# Employee Attrition Rate using Regression

## Introduction

Artificial intelligence is commonly used in various trade circles to automate processes, gather insights on business, and speed up processes. You will use Python to study the usage of artificial intelligence in real-life scenarios - how AI actually impacts industries. 

Employees are the most important entities in an organization. Successful employees offer a lot to organisations. In this notebook, we will use AI to predict the attrition rate of employees or how often a company can retain employees.

## Context

We will be working with the dataset containing employee attrition rates, which is collected by Hackerearth and uploaded at [Kaggle](https://www.kaggle.com/blurredmachine/hackerearth-employee-attrition). We will use regression to predict attrition rates and see how successful is our model.



## Use Python to open csv files

We will use the [scikit-learn](https://scikit-learn.org/stable/) and [pandas](https://pandas.pydata.org/) to work with our dataset.

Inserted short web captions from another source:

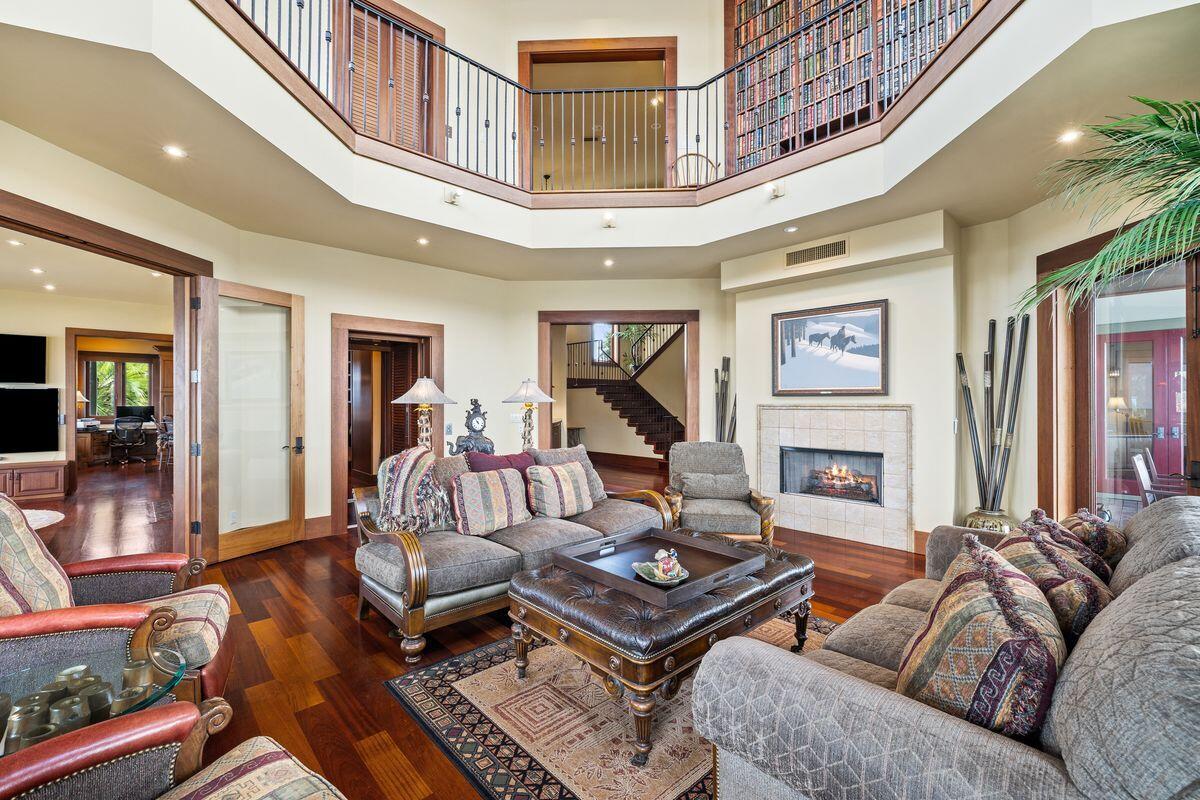 281 Grove Lane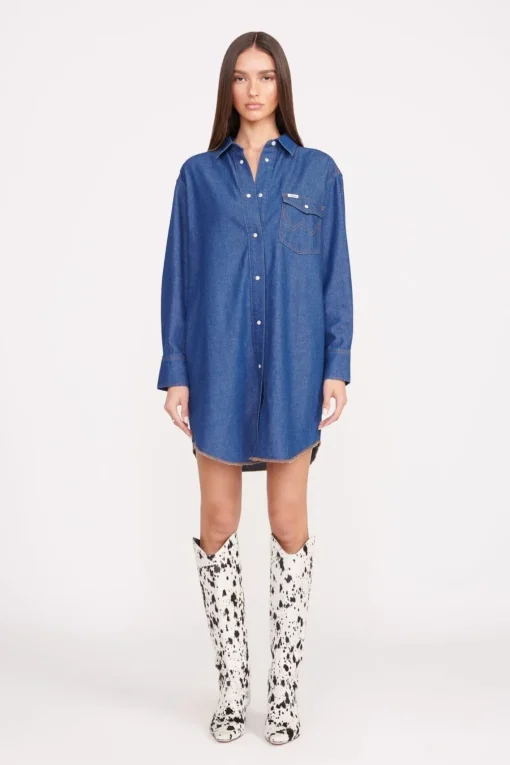 STAUD + WRANGLER THE OVERSIZED WESTERN  DARK RINSE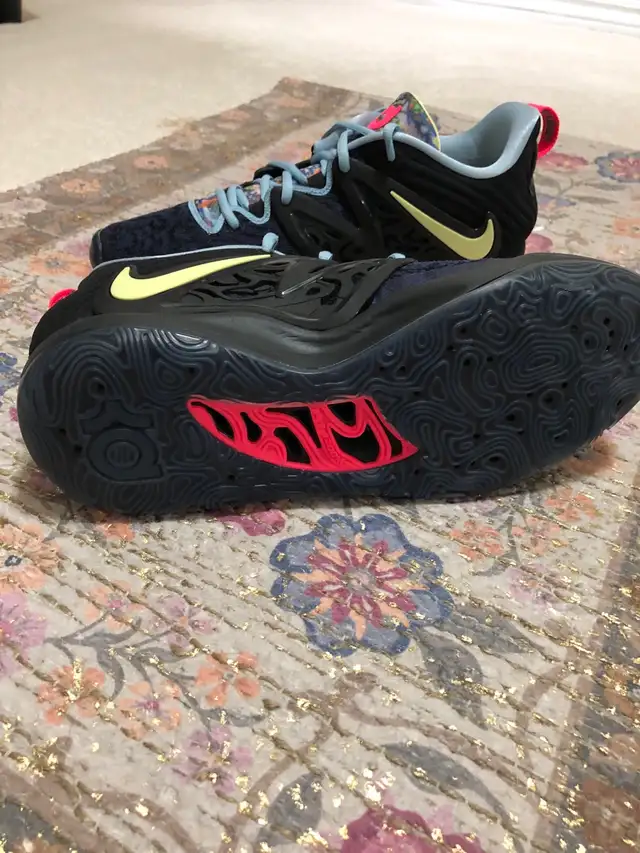 Nike KD 15 - Size 11 in Men's Shoes in Mississauga / Peel Region - Image 6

Scikit-learn is a very useful machine learning library that provides efficient tools for predictive data analysis.  Pandas is a popular Python library for data science. It offers powerful and flexible data structures to make data manipulation and analysis easier.


## Import Libraries


In [1]:
import pandas as pd
import numpy as np
import seaborn as sns
import matplotlib.pyplot as plt
%matplotlib inline
from sklearn.model_selection import train_test_split
from sklearn.tree import DecisionTreeClassifier
from sklearn import metrics

from sklearn.linear_model import LinearRegression 
from sklearn.linear_model import Ridge
from sklearn.linear_model import Lasso

from sklearn.linear_model import Lasso
from sklearn.linear_model import ElasticNet
from sklearn.neighbors import KNeighborsRegressor
from sklearn.tree import DecisionTreeRegressor

from sklearn.metrics import mean_squared_error

### Importing the Dataset

The dataset contains employee attrition rates. Let us visualize the dataset.



In [2]:
train = pd.read_csv("[Dataset]_Module11_Train_(Employee).csv") 
test = pd.read_csv("[Dataset]_Module11_Test_(Employee).csv")

## Task 1: Print the columns of the training set

In [3]:
#yourcodehere
print(train.columns)

In [4]:
print(train.shape)
train.head()

### Data Description

Let us see how the data is distributed. We can visualize the mean, max, and min value of each column alongside other characteristics.

In [5]:
train.describe()


## Task2: Get information about the training data set using the describe function

In [6]:
#yourcodehere
train.describe()

In [7]:
train.isna().sum()

In [8]:
# Let's see if training set has any missing values
train.isna().any()

### Data Visualization

Now, let us see the correlation matrix to see how related are the features.

In [9]:
plt.figure(figsize=(18,10))
cor = train.corr()
sns.heatmap(cor, annot=True, cmap=plt.cm.Accent)
plt.show()
plt.savefig("main_correlation.png")

### Preparing the model

Now we will finalize the data for the training and prepare the model.

In [None]:
#Attrition_rate is the label or output to be predicted
#features will be used to predict Attrition_rate
label = ["Attrition_rate"]
features = ['VAR7','VAR6','VAR5','VAR1','VAR3','growth_rate','Time_of_service','Time_since_promotion','Travel_Rate','Post_Level','Education_Level']


In [None]:
featured_data = train.loc[:,features+label]
#We will drop the columns here which have missing values using dropna function
featured_data = featured_data.dropna(axis=0)
featured_data.shape

In [None]:
X = featured_data.loc[:,features]
y = featured_data.loc[:,label]

In [None]:
#Here the training and test data are split 55% to 45% as test size is 0.55
# Here the test size is 55% because model is giving good accuracy on bigger test size also. It completely depends on the model, 
# if the developer feels positive about the results then they go give with bigger test size.Experimentation is the key to understand the model.
X_train,X_test,y_train,y_test = train_test_split(X,y,random_state=1,test_size=0.55)

In [None]:
#df = Ridge(alpha=0.000001)
df = LinearRegression()
df.fit(X_train,y_train)
y_pred = df.predict(X_test)
c=[]
for i in range(len(y_pred)):
    c.append((y_pred[i][0].round(5)))
pf=c[:3000]


In [None]:
#Let's print the accuracy now
score = 100* max(0, 1-mean_squared_error(y_test, y_pred))
print(score)

In [None]:
#Predicting
import pandas as pd
dff = pd.DataFrame({'Employee_ID':test['Employee_ID'],'Attrition_rate':pf})
dff.head()

## Task 3: Print the first 20 columns of predictions


In [None]:
#yourcodehere

### Conclusion

In this notebook, we have seen how AI can be used by companies to predict which employess would be loyal to them. We have bulit a linear regression model to predict the attrition rate.